If Ajami wants to bring up the Nazis as a reason to hold Germany in perpetual discredit, fine. I'll raise the coup against Allende (the other, the first 9/11) and the support for the Greek junta and the horrible collaboration with the Central American dictatorships in the 1980s and Strange Fruit and American racism generally as more than adequate reason to hold the United States in perpetual disrepute.
(And then, we can bring up the many unfortunate things which happened to the natives of the United States' western plains in the 19th century. Multiple genocides, none of them ever punished. Where's the Nurembergs?)
I won't, though. I'm more mature, and less propagandistic, than Ajami.
I'm not going to hold a nation's past sins forever against it, eternal proof of its unworthiness to devise policies which differ from mine.
If Muslims truly believe that their long winter of decline is the fault of the United States, no campaign of public diplomacy shall deliver them from that incoherence.
See above.
In the age of Pax Americana, it is written, fated, or maktoob (as the Arabs would say) that the plotters and preachers shall rail against the United States--in whole sentences of good American slang.

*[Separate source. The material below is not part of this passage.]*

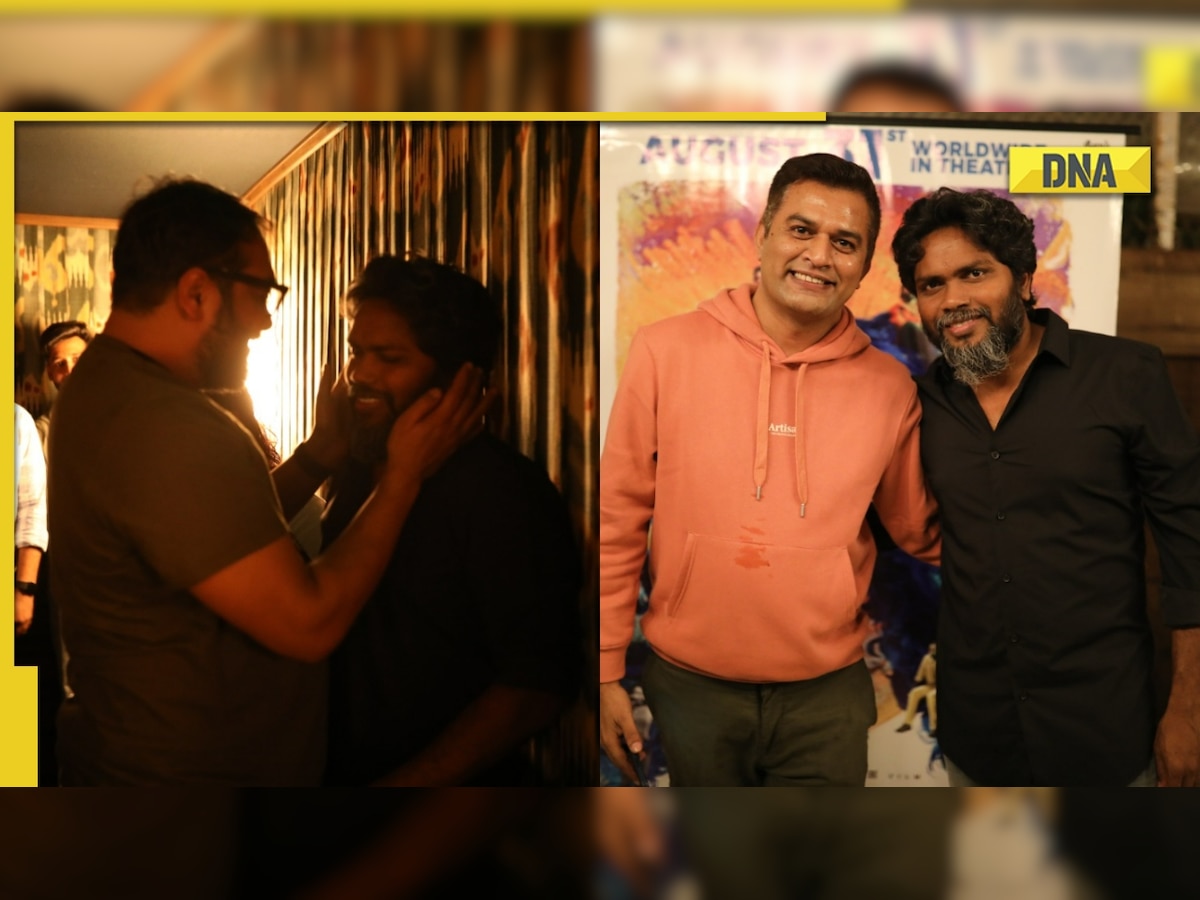 Natchathiram Nagargiradhu: Anurag Kashyap hugs Pa Ranjith after watching his film, Neeraj Ghaywan calls it 'masterpiece'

Which is supposed to mean--what, exactly, apart from the reach of American culture? What sort of plotters and preachers? What dialect is maktoob from? Why will the US be railed against? What sort of American slang?
What, after all, does Ajami mean?
Fouad Ajami is the Majid Khadduri professor at Johns Hopkins University's School of Advanced International Studies and a contributing editor at U.S. News & World Report.
One would have hoped that a man praised for his bravery in criticizing the systematic flaws of the Arab world would have had at least some perspective on possible flaws of the United States, and of the neo-conservative vision. Alas, no.
At least I know not to bother reading any of his books, if this is his usual level of analysis. (Can anyone confirm or deny this?)